'''
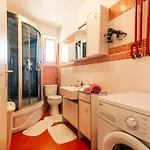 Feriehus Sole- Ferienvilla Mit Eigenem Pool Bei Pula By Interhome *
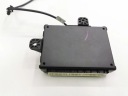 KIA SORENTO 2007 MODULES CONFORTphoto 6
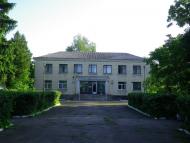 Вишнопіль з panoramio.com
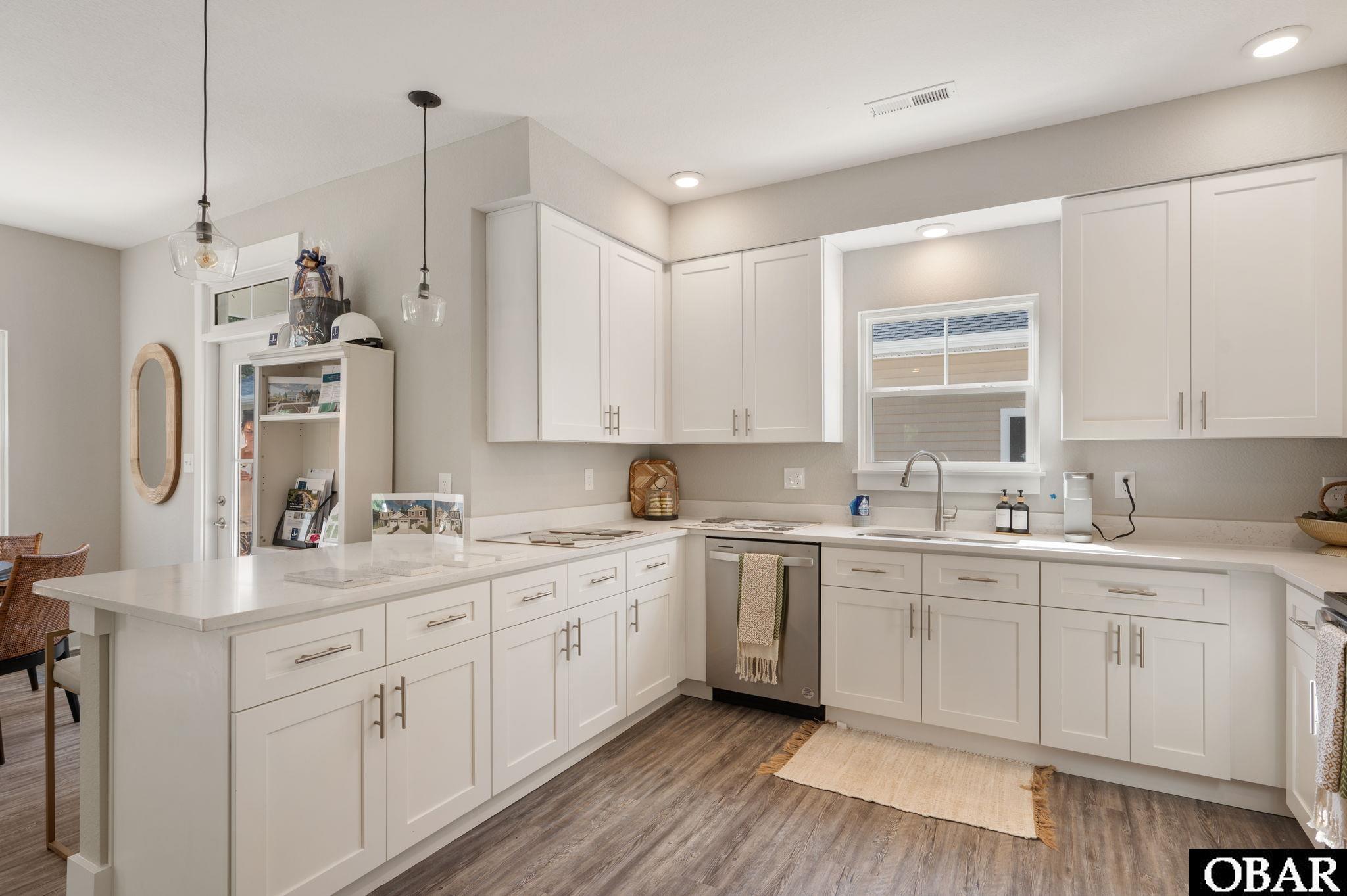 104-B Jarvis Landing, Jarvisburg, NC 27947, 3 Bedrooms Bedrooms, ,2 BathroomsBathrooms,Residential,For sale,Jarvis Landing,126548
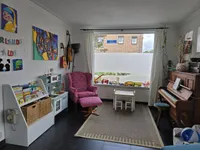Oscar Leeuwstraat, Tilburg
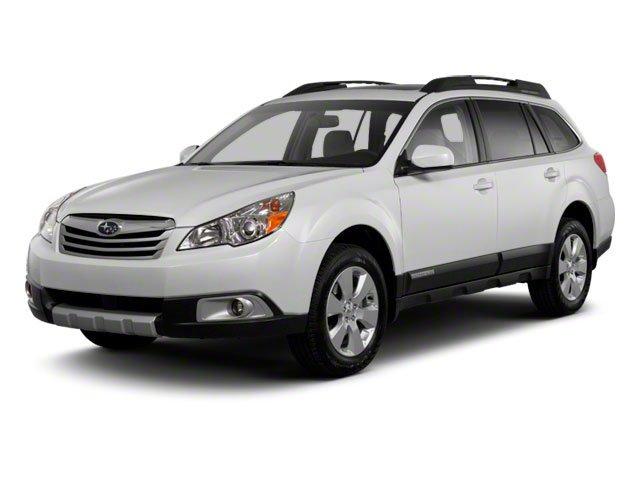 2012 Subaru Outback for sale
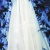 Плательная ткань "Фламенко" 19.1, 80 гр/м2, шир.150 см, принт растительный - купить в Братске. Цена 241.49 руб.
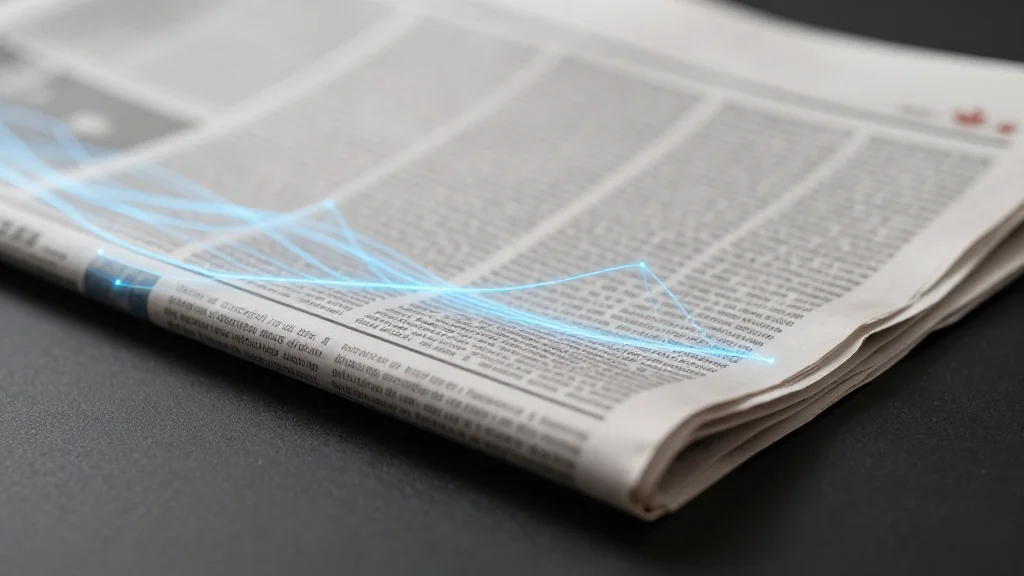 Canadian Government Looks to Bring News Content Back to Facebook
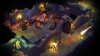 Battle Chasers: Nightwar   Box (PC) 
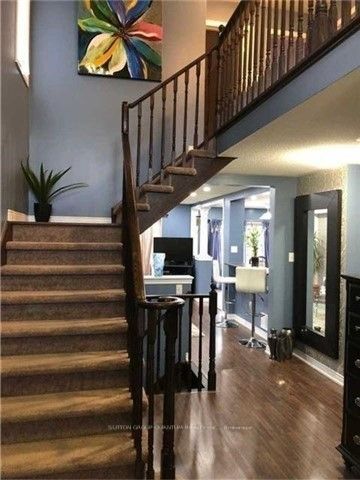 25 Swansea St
'''
#### The task:
Could you transcribe every entry above exactly, leaving out the images?

#### Output for this exercise:
 Feriehus Sole- Ferienvilla Mit Eigenem Pool Bei Pula By Interhome *
 KIA SORENTO 2007 MODULES CONFORTphoto 6
 Вишнопіль з panoramio.com
 104-B Jarvis Landing, Jarvisburg, NC 27947, 3 Bedrooms Bedrooms, ,2 BathroomsBathrooms,Residential,For sale,Jarvis Landing,126548
Oscar Leeuwstraat, Tilburg
 2012 Subaru Outback for sale
 Плательная ткань "Фламенко" 19.1, 80 гр/м2, шир.150 см, принт растительный - купить в Братске. Цена 241.49 руб.
 Canadian Government Looks to Bring News Content Back to Facebook
 Battle Chasers: Nightwar   Box (PC) 
 25 Swansea St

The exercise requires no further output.